Dragon Quest - The Hand of the Heavenly Bride
RPG


Minrod
Oktober 09

 


"Dragon Quest - The Hand of the Heavenly Bride" ist der zweite Teil der von Square Enix angekündigten Zenithia-Trilogie für den Nintendo DS und somit die erste offizielle Veröffentlichung des fünften Dragon Quest-Spieles außerhalb von Japan. Obwohl ich bereits die ursprüngliche Super Famicom-Fassung in der englischen Fanübersetzung durchgespielt habe, war meine Vorfreude auf "Die Hand der Himmelsbraut", wie der Untertitel im deutschsprachigen Raum lautet, riesig. Denn sowohl das mit Lorbeeren überhäufte "Dragon Quest 8 - Journey of the Cursed King" als auch der erste Teil der Zenithia-Trilogie "The Chapters of the Choosen" kamen nicht ganz an dieses Spiel heran. Da ich bereits ein Review zum Originalspiel verfasst habe, werde ich hier nur noch grob auf die einzelnen Spielelemente eingehen und mich auf die wenigen Unterschiede beschränken.

Die Faszination von "The Hand of the Heavenly Bride" übt nach wie vor der ungewöhnliche Storyverlauf aus.
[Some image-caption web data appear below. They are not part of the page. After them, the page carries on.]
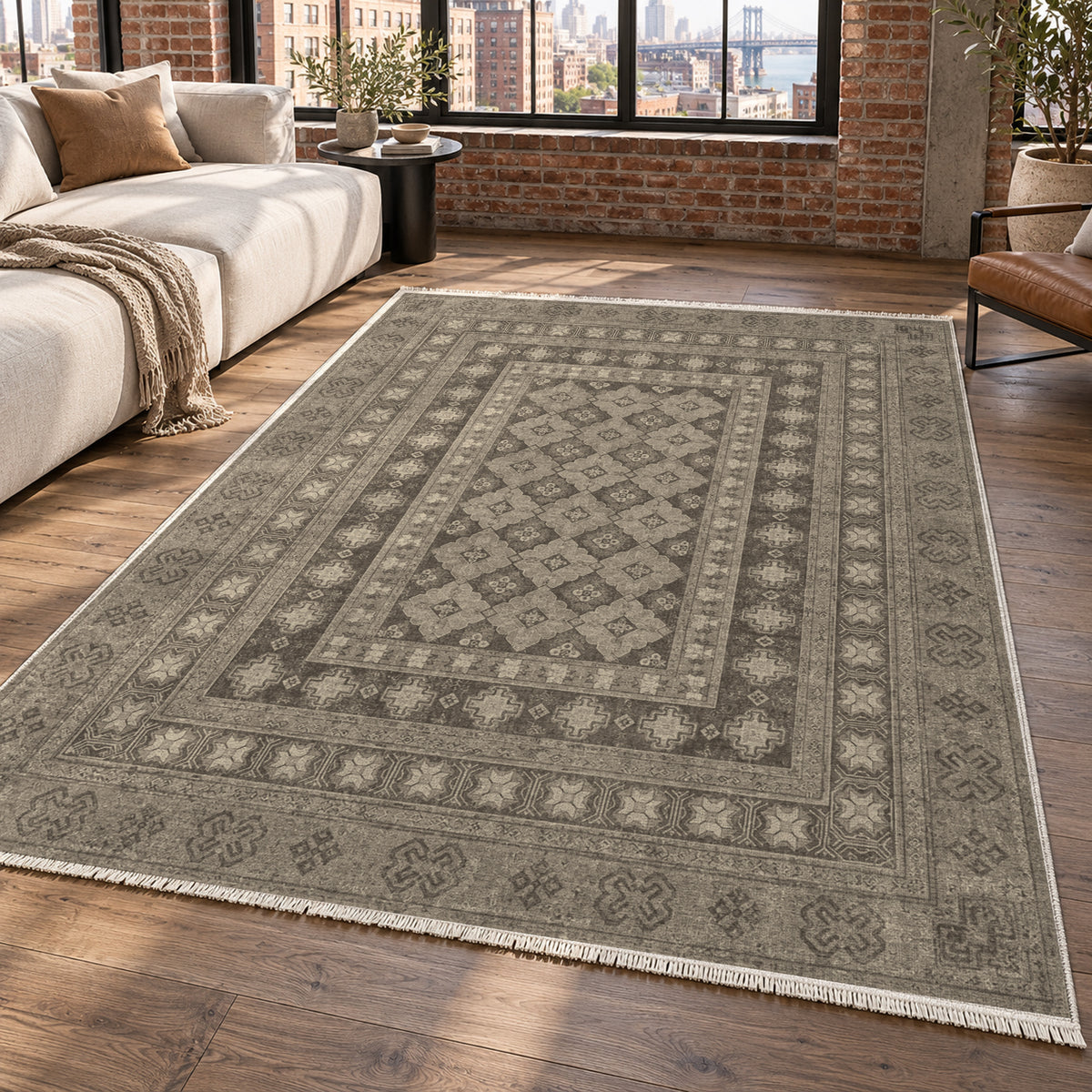 Kayseri Taupe Classic Washable Rug — new york living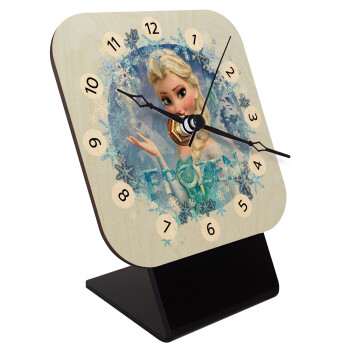 Frozen Elsa, Quartz Table clock in natural wood (10cm)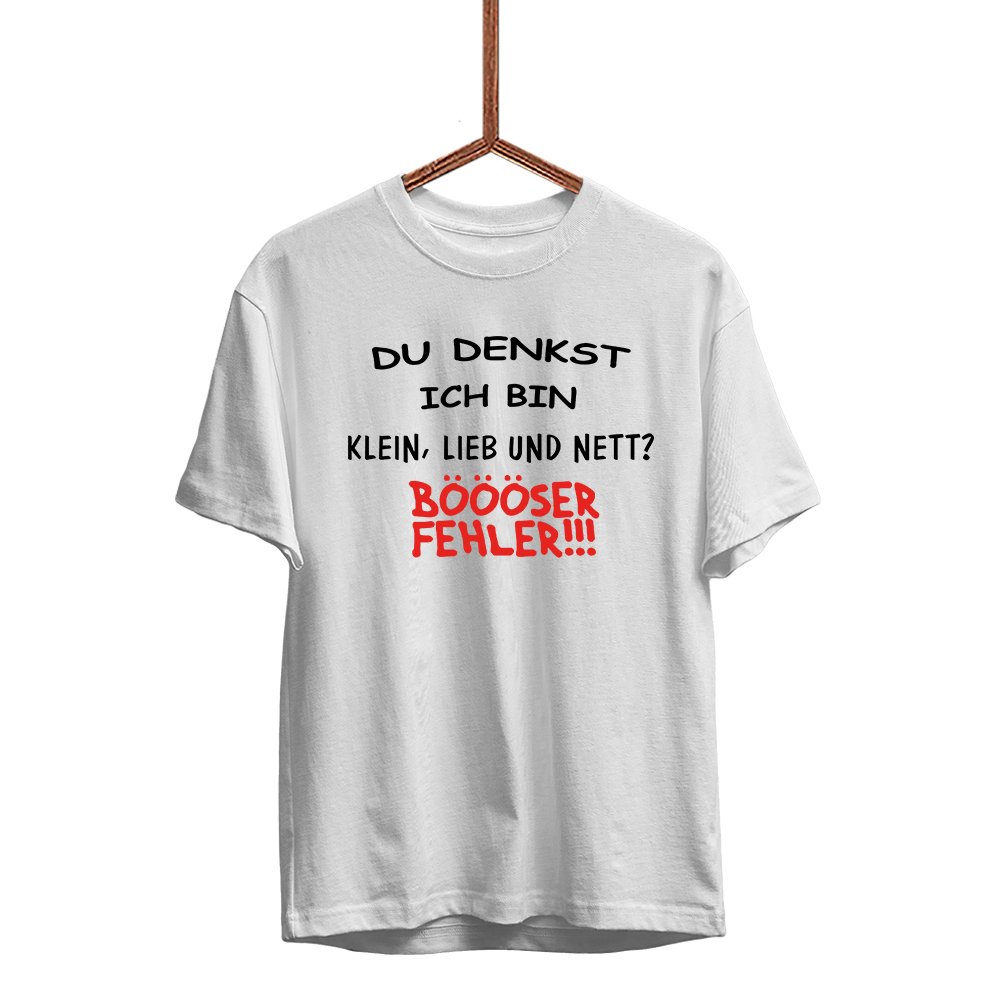Herren T-Shirt Klein, lieb und nett - Schwarzer - Kaffee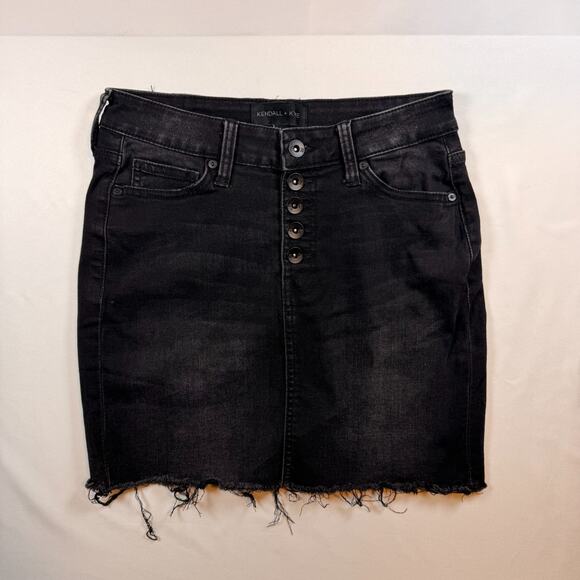 Kendall And Kylie Dresses & Skirts - Kendall + Kylie High Rise Button Fly Black Denim Mini Skirt Size 3/26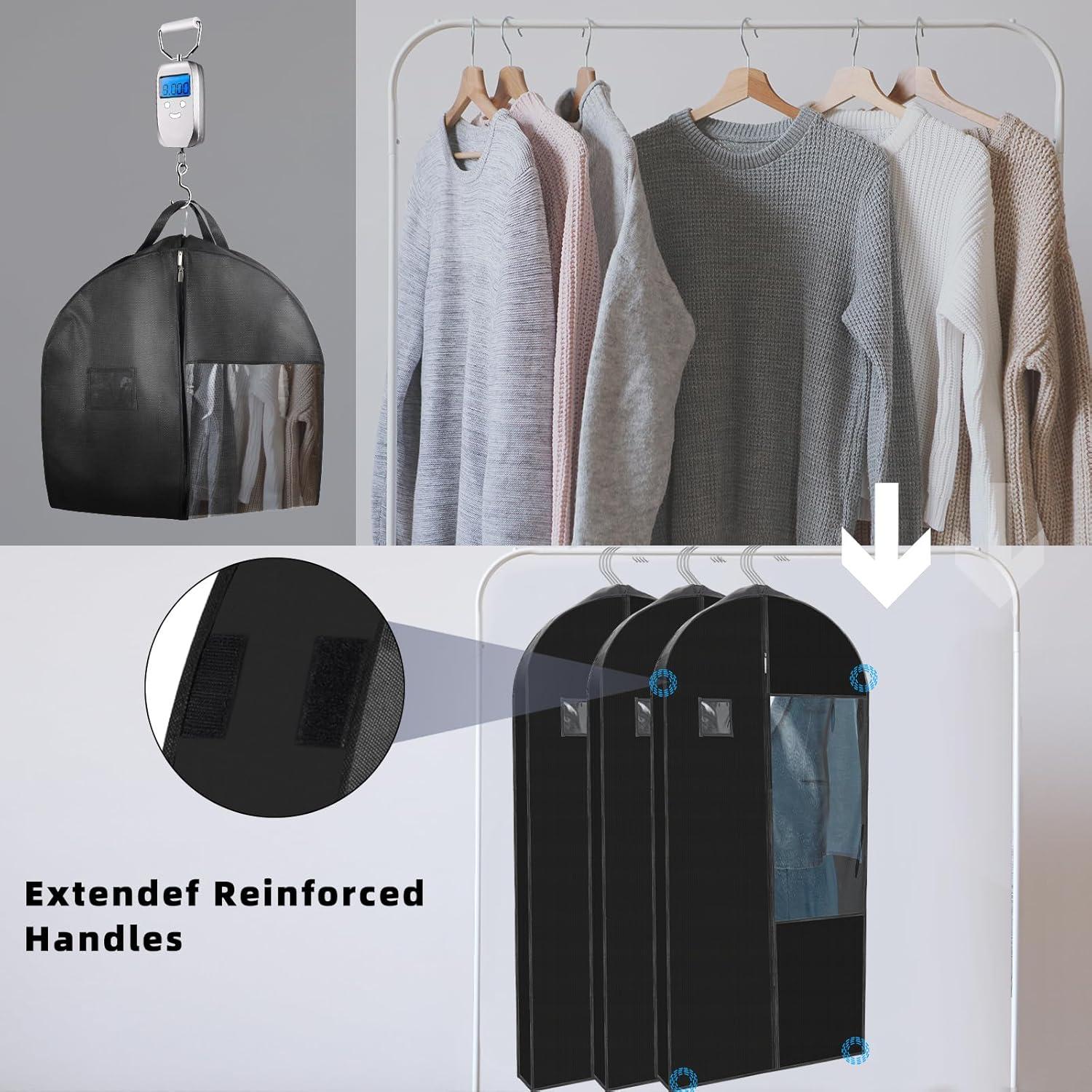 Stykontin Garment Bags for Hanging Clothes and Travel with 4" Gusseted, Suit Cover for Clothes,Coats,Suit,Jackets,Dress,Shirts,Skirt. (Black-50"-3pcs-Double zipper-Thickened 80G Non-woven Fabric)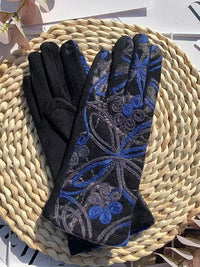 Thumbnail for Women Ethnic Flower Embroidery Warm Cycling Gloves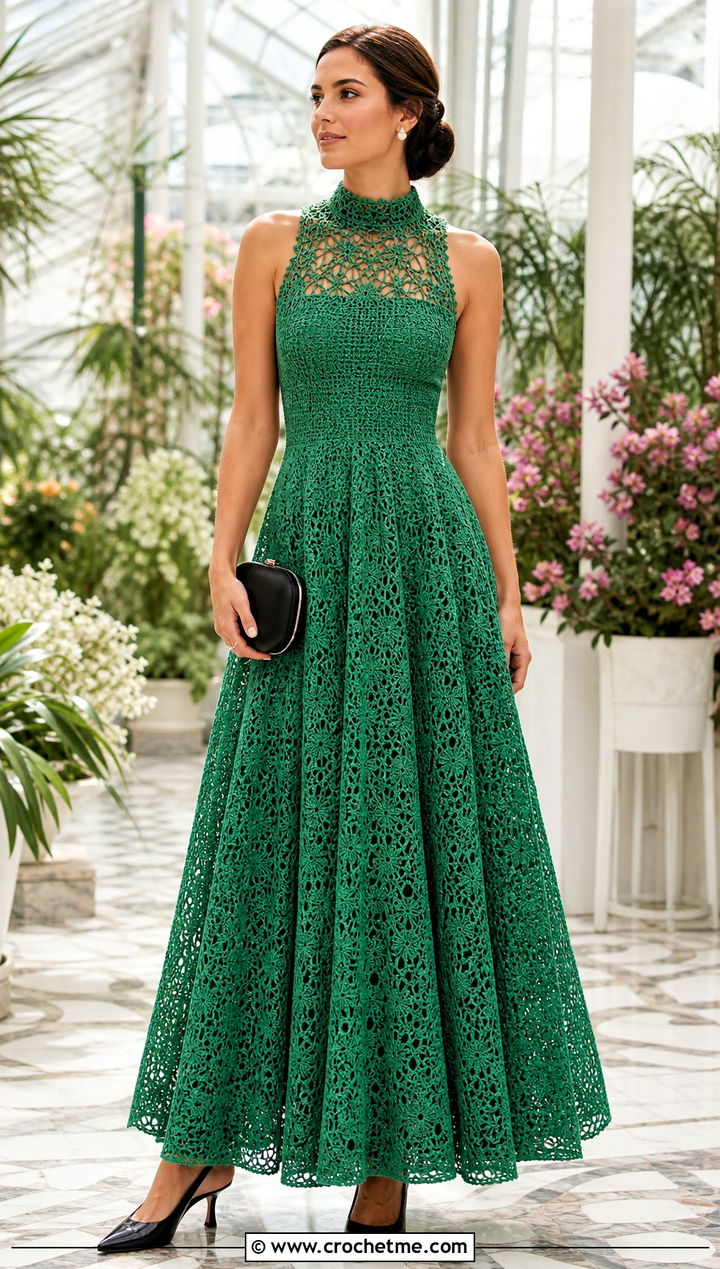 High Neck Crochet Ball Gown With Pearl Earrings - 30 crochet ball gown dress outfit ideas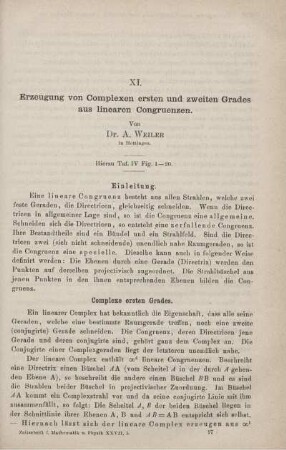 XI. Erzeugung von Complexen ersten und zweiten Grades aus linearen Congruenzen.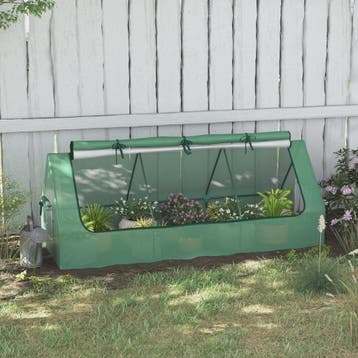 Outsunny Veranda Kas 240x90x90 cm met Groene Gaasramen, Tuin en Terras, Kassen, Verzenden, Nieuw
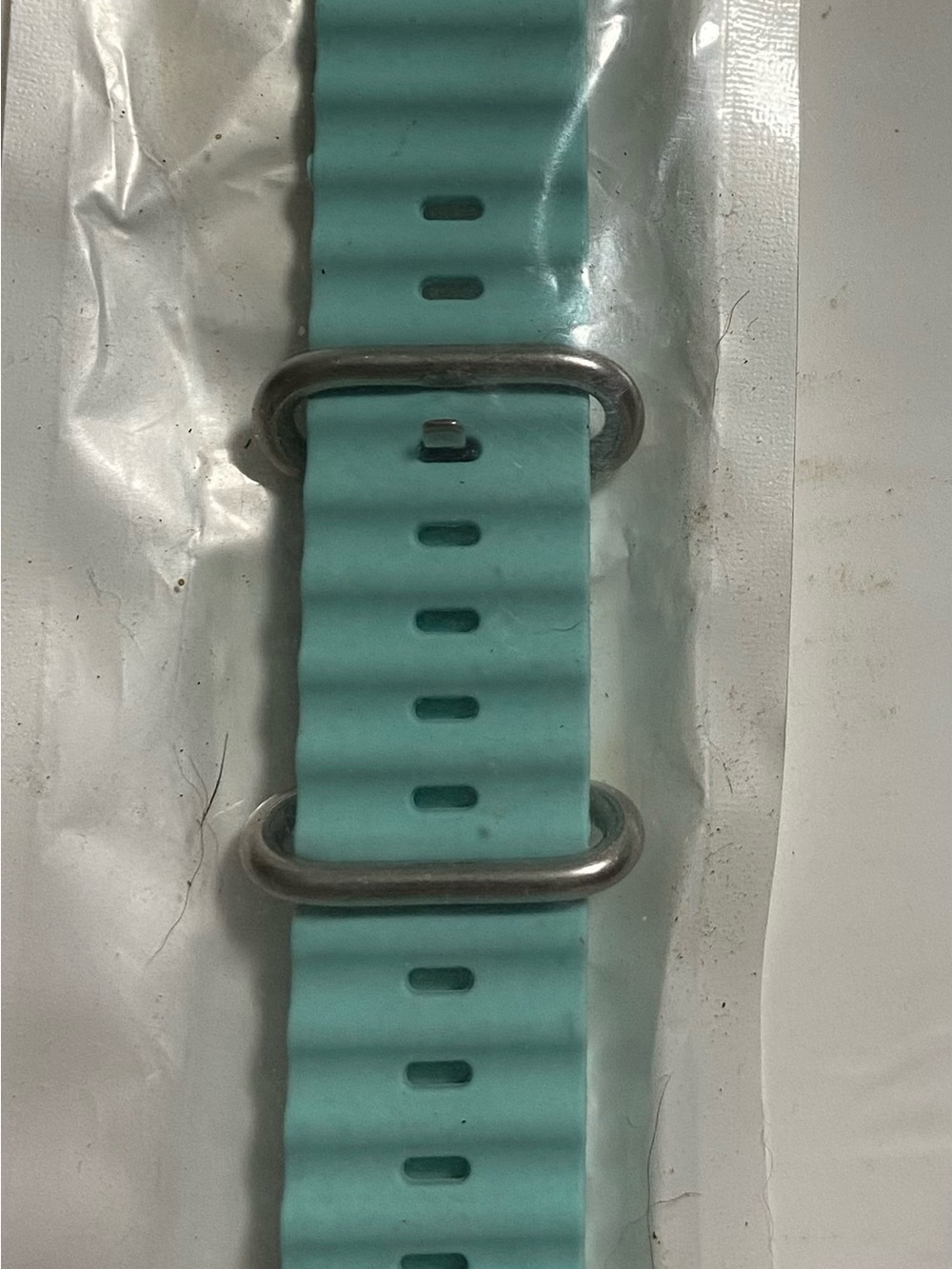 Turquoise Silicone Watch Strap with Silver Hardware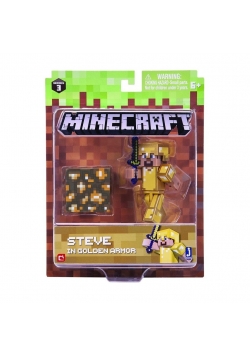 Minecraft - figurka Steve w złotej zbroi, Nowa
Auch wenn es salopp betrachtet hier ebenfalls um den klassischen Gut-Böse-Konflikt geht, drängt ihn die gut inszenierte Lebensgeschichte des Helden stark in den Hintergrund. Die Höhen und Tiefen eines schwierigen, aber erfüllten Lebens sorgen für eine einmalige und herzenswarme Spielerfahrung. Mit der neuen und vor allem bunten Darstellungsweise kommt diese noch lebhafter zur Geltung, auch wenn die Grafik kaum besser als beim DS-Vorgänger ist. Die Mischung aus 2D- und 3D-Elementen überzeugt nach wie vor und sorgt stellenweise für eine wirklich atemraubende Atmosphäre. Diese wird wie immer durch die unverwechselbare Musik von Koichi Sugiyama unterstrichen. Der Einbau der vorwiegend zufälligen Monsterrekrutierung stellt einen weiteren erfrischenden Beitrag zum Gesamtkonzept dar.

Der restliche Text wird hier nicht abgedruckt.